Artist, multi-instrumentalist, producer, and engineer O'Neil began making music in the band Rodan. Over time, she has run the gamut of musical diversity, jumping from the crushing rock of Rodan to her folky duo Retsin, and from the elastic experimentalism of The Sonora Pine to the arty metal mania of King Cobra. O'Neil considers herself as much a noise artist as she is a songwriter, and while this new release is haunting and lovely, it's not easy listening. It's beauty music.

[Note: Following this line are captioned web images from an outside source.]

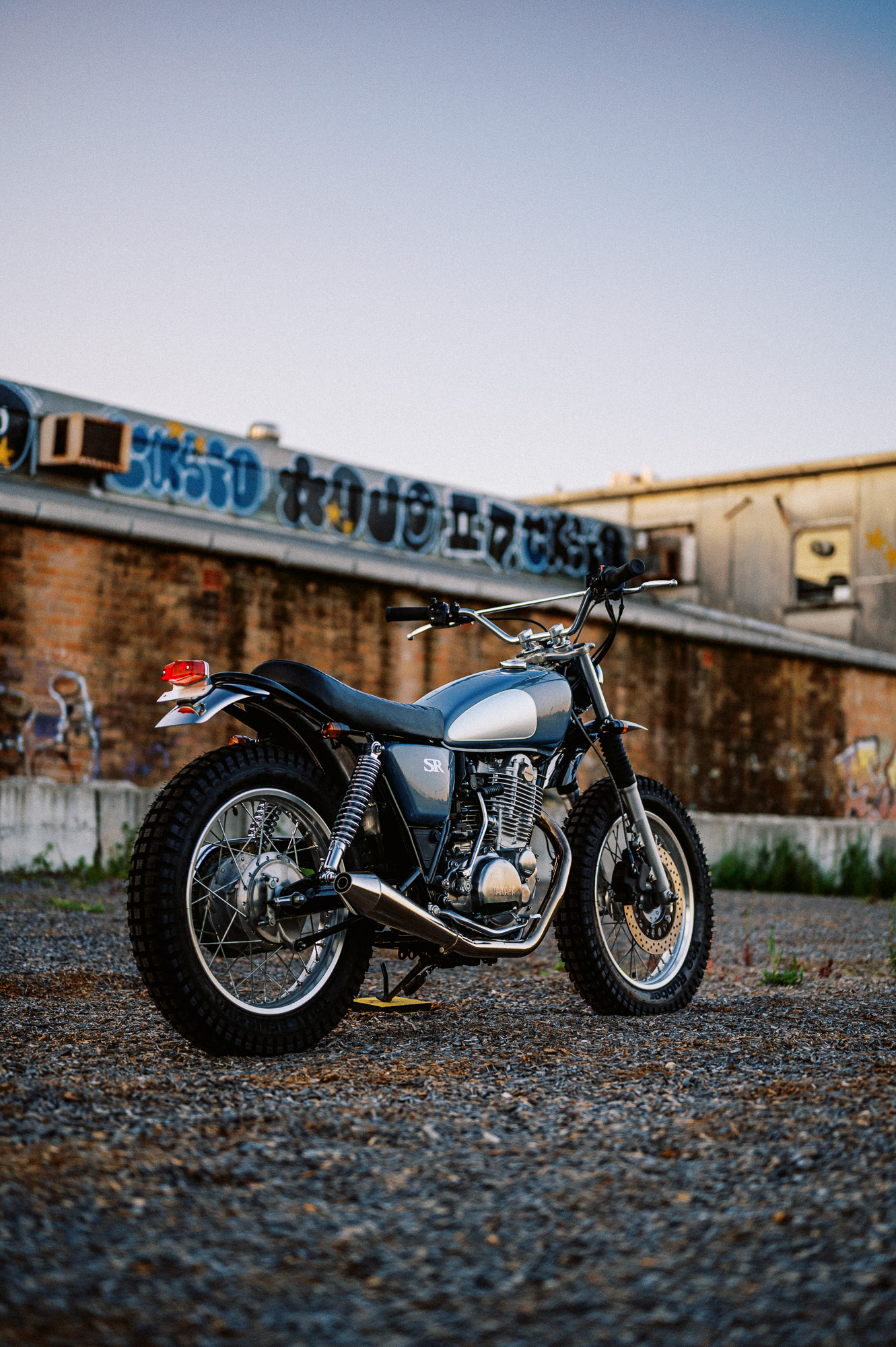 a custom Yamaha SR400 Motorcycle in Sydney at dusk in a vacant lot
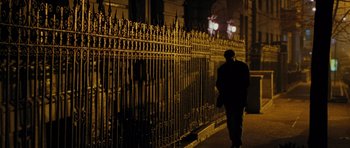 Movie still from “Rounders” (1998), directed by John Dahl – A man walking down a street near a fence; Wide shot, Low angle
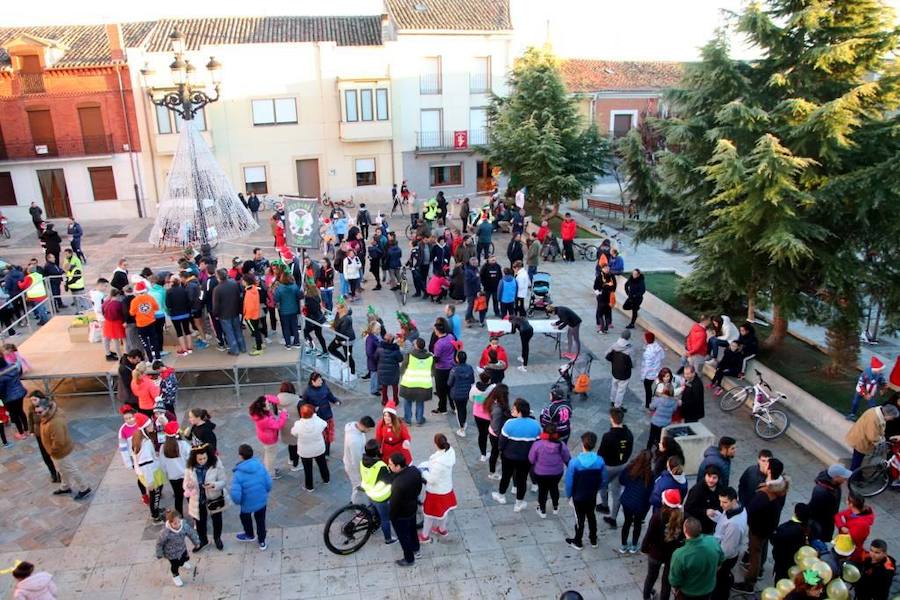 Fotos: Vistosa San Silvestre en Torquemada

Review by Gregory McIntosh
As Tara Jane O'Neil's voice quavers though the opening of the shifting lament "Howl," a lilting summer ballad that exhibits a feel similar to that of an Americanized Fairport Convention, there is a shyness that emanates, but elements of bravery too, as if she's aware that she is about to divulge too much information but is unable to stop herself. By holding all of this under pressure, seemingly restraining the fullness of the possibilities, O'Neil expertly builds the momentum of her third long-player, You Sound, Reflect, by silently winding up all of this confused energy and then dropping it to split the chaos with razors of clarity. O'Neil's previous outings have all had tension and urgency baked in, but it is with You Sound, Reflect that she superbly constructs the cinematic feel of her songs to convey a storyline. Through warm guitars, hollow banjos, layered fiddles, lush vocals, samples, etc., O'Neil beautifully creates an environment for her lyrics to breathe and grow and create a display simultaneously modest and showy, but most importantly, a deep emotional landscape to be lost in. The lovely opening instrumental, "Take the Waking," unfolds with keyboard and percussive guitar loops underneath warm and bright decorative guitars and wordless vocals that churn the sound into a confusing dichotomy: sweet and sinister. It is a perfect opener since the majority of the record flirts with both adjectives, dispensing a lovely melody here followed by a disturbing turn of phrase there, while somehow maintaining a fragile balance between the two. Via this balance, O'Neil inexplicably embodies an emotional side that, like all well-conceived art, brings to light the fascination with conflict and resolve inherent in the human condition, but what sets You Sound, Reflect apart from so many recordings is its ambition in covering so much ground instead of closing in on the small details of a conflict, such as the classic songwriter's topic of unrequited love. O'Neil weaves in and out of her variances the same way she, or anyone, might spend an afternoon contemplating the fortunes and misfortunes of the past, recognizing the turbulences and reporting on them, but refusing to dwell too much. The result is a very human, honest recording. Perhaps it is pompous to intellectualize You Sound, Reflect in this way, but it is a conundrum in that it is such an artsy yet breezy and accessible affair, difficult to pin down by only mentioning the technicalities of its makeup.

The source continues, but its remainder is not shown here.